TOP Python Interview Questions and Answers

Q1 - How would you do feature scaling in Python?

from sklearn.preprocessing import MinMaxScaler 

 scaler = MinMaxScaler() 

 original_data = pd.DataFrame(mydata[‘my_column’]) 

 scaled_data = pd.DataFrame(scaler.fit_transform(original_data)) 

Q2 - You have been given the list of positive integers from 1 to n. All the numbers from 1 to n are present except x, and you have to find x. Write code for that.

def find_missing_num(input): 

              sum_of_elements = sum(input) 

              n = len(input) + 1 

             real_sum = (n * ( n + 1 ) ) / 2 

             return int(real_sum - sum_of_elements) 

 mylist = [1,5,6,3,4] 

 find_missing_num(mylist)

Q3 - What is a pickle module in Python?

For serializing and de-serializing any given object in Python, we make use of the pickle module. In order to save given object on drive, we make use of pickle. It converts an object structure into character stream

Q4 - How Do You Get Indices of N Maximum Values in a Numpy Array?

>>import numpy as np 

 >>arr=np.array([10, 30, 20, 40, 50]) 

 >>print(arr.argsort( ) [ -N: ][: : -1])

Q5 - What is the difference between .pyc and .py file formats in Python?

.pyc files contain the compiled bytecode of Python source files. The Python interpreter loads .pyc files before .py files, so if they're present, it can save some time by not having to re-compile the Python source code.

Q6 - What are global variables and local variables in Python

A local variable is any variable declared within a function. This variable exists only in local space, not in global space. Global variables are variables declared outside of a function or in a global space. Any function in the program can access these variables.

Q7 - What are lambda functions?

Lambda functions are anonymous functions in Python. It's helpful when you need to define a function that's very short and consists of only one expression. So, instead of formally defining the small function with a specific name, body, and return statement, you can write everything in one short line of code using a lambda function. 

 Here's an example of how lambda functions are defined and used:

 (lambda x, y,: (x+y))

(3,2)

 5

Q8 - What is a negative index, and how is it used in Python?

A negative index is used in Python to index a list, string, or any other container class in reverse order (from the end). Thus, [-1] refers to the last element, [-2] refers to the second-to-last element, and so on.

Q9 - Do you know about vectorization in pandas?

Vectorization is basically the process of implementing operations on the dataframe without using loops. We instead use functions that are highly optimized.
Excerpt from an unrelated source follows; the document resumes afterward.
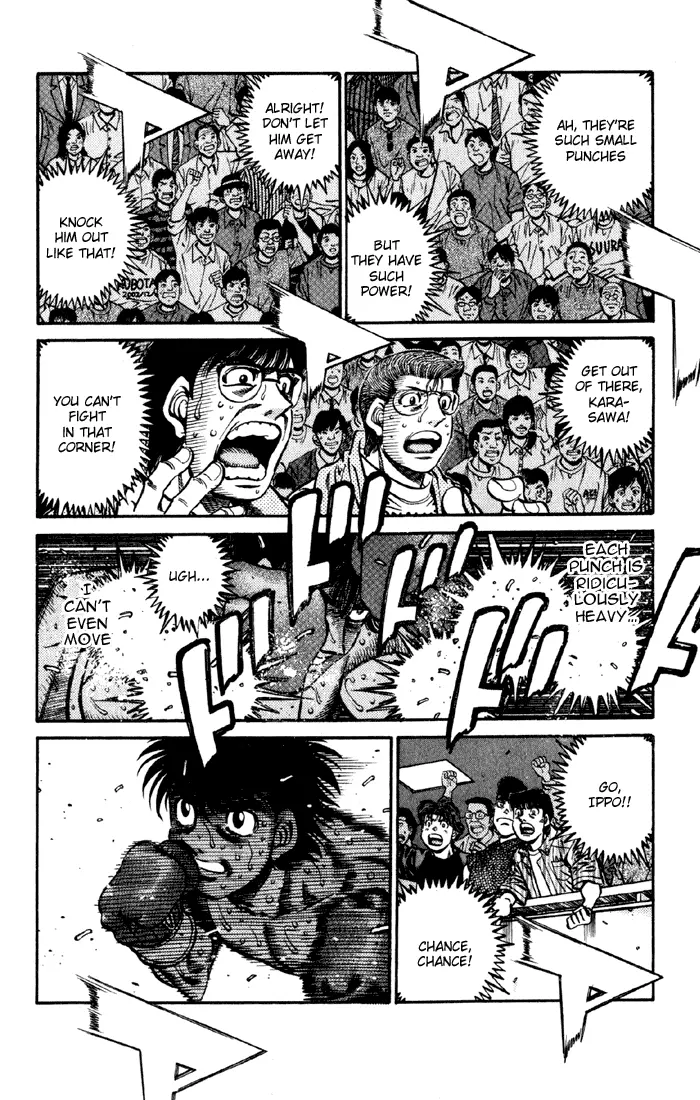 Read Hajime No Ippo - Chapter 589 - www.hajimenoippomanga.org | Image 2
For example, if I want to calculate the sum of all the rows of a column in a dataframe, instead of looping over each row, I can use the aggregation functionality that pandas provides and calculate the sum.
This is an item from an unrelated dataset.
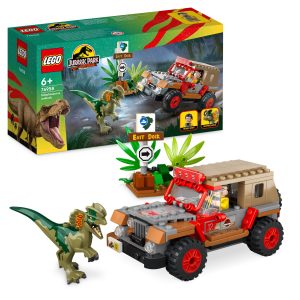 LEGO Jurassic World Jurassic Park Dilophosaurus hinderlaag – 76958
Q10 - What is the use of PYTHONPATH

PYTHONPATH tells the python Interpreter where to locate module files imported into a program. The role is similar to PATH. PYTHONPATH includes both the source library directory and the source code directories.

Q10 - What’s the difference between / and // in Python?
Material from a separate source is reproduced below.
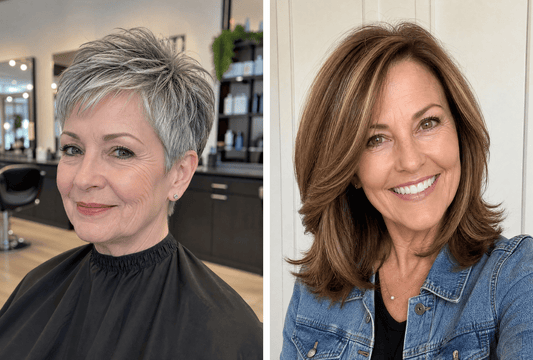 27 Refreshing Layered Hairstyles for Women Over 60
Both / and // are division operators. However, / does float division, dividing the first operand by the second. / returns the value in decimal form. // does floor division, dividing the first operand by the second, but returns the value in natural number form.

  • An example: 9 / 2 returns 4.5
  • An example: 9 / 2 returns 4
Q11 -   Compare pandas and spark.
Pandas is a good choice for working with
small to medium-sized datasets, as it is relatively faster and easy to use. Spark is a better choice for working with large datasets, as it is more scalable and can handle more data. If the environment is Hadoop-based, spark integrates smoothly with it.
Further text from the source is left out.